Because ‘fair’ and ‘just’ ‘administration’ of ‘law’ is hardest thing to do amidst sons of Adam and daughters of Eve.
Once again, Justice has proved to the most divisive concept. It has stirred more debate and caused more headaches. Those who know a thing or two about history are aware that fates of countless men, entire kingdoms, many a civilisations perished because they relegated justice to bottomless pits out of fear
Justice is hard to find even though all the laws, be them civil or criminal or of any other brand or hue, aim at only one thing ie Justice. The laws are the stairs or the crutches, if you find the analogy of stairs a bit too cliched, which assist one to a palace named, ‘Realm of Fairness where Just souls dwell’. The legal thinkers of yore thought it best to define an eternal concept like justice as succinctly, as tersely as possible. The rationale behind such utmost briefness certainly paid off in the long run as the definition still brightens one brain to grasp the concept in entirety. These four words ‘fair’, ‘just’, ‘administration’ and ‘law’, if implemented without bent towards the mighty and sans prejudice towards weak, promise any society an Elysium that fellow godly folks strive to locate in skies and beyond.
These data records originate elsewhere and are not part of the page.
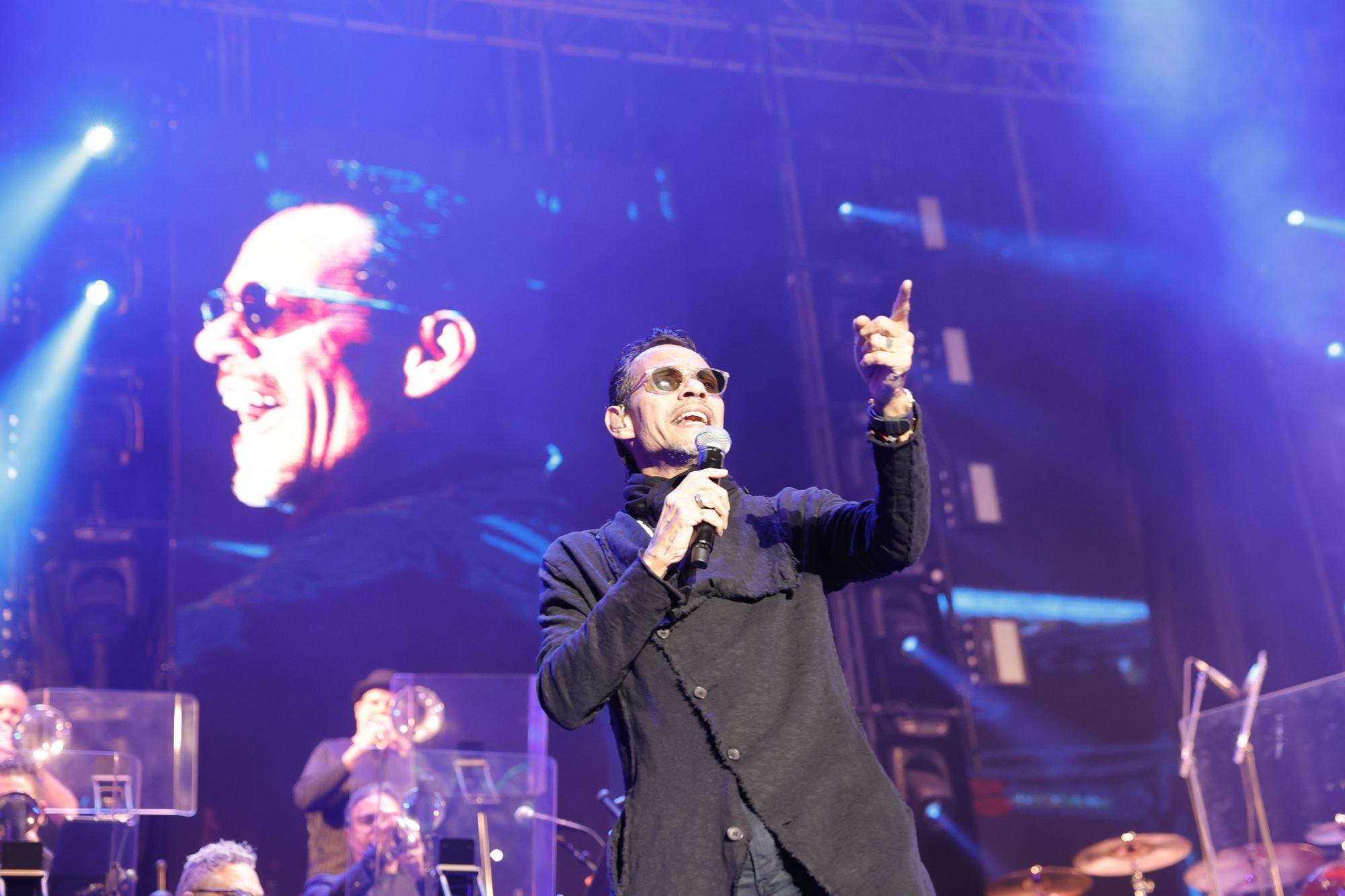 La espera "valió la pena": Marc Anthony parte caderas en Oviedo a ritmo de salsa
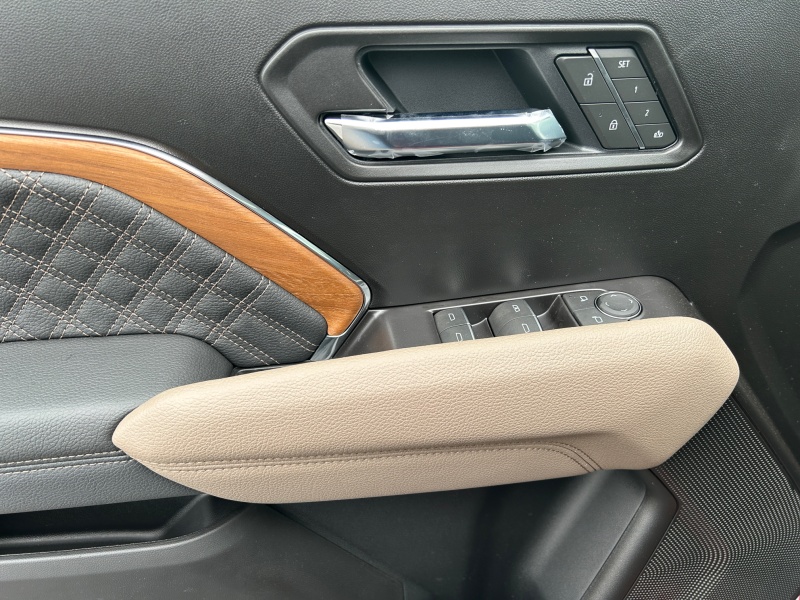 2025 GMC Canyon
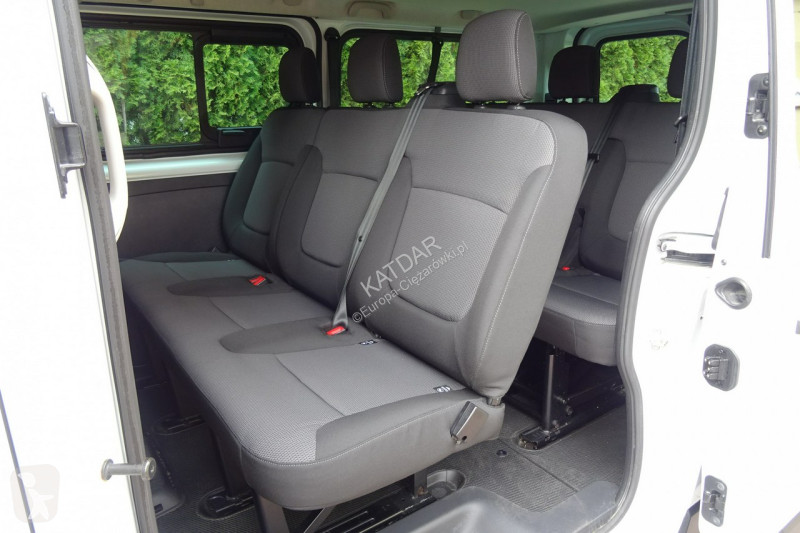 Véhicule utilitaire Renault TRAFIC L2H1 2.0dci...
Our Elysium, however, is held to ransom by true believers, dear reader. They have taken advantage of the fact that Justice in our land had been selective and in service of the powers that be. Having a long, eventful past justice hasn’t aged gracefully. In the beginning, all that was expected of her was to punish the wrongdoer in kind, which it did. In times of Chief Martial Law Administrators it went into exile and was replaced by revenge and/or mercy (depending on what end one found himself). The mood swings of those in power — the Bhuttos, Ayubs, Zias, Musharrafs, Sharifs — primarily defined who’ll be spared and who’ll head to the gallows.
Justice, I solemnly believe, is a result of ancient laws, a child of myth, a product of magic and folklore. While the judges sticked with their precedents, evidence, laws, and maxims. The True Believers, certain of their conviction and sans doubt, wanted them to hang the accused because it was the only right thing to do.
One verdict is out as the fight between Justice vs True Believers continues.
Once again, Justice has proved to the most divisive concept. It has stirred more debate and caused more headaches. Those who know a thing or two about history are aware that fates of countless men, entire kingdoms, many a civilisations perished because they relegated justice to bottomless pits out of fear of True Believers’ wrath. Many others prospered as they revered justice, followed its dicta and knew that under its shadow they can tread on the road that leads to the palace where ‘greater good of all’ is the norm, not a mirage or illusion or an empty promise.
PS: Heartfelt gratitude for judges who made me witness a legal maxim Fiat justitia ruat caelum (Justice be done though heaven may fall) become a reality. Thank you, Lordships.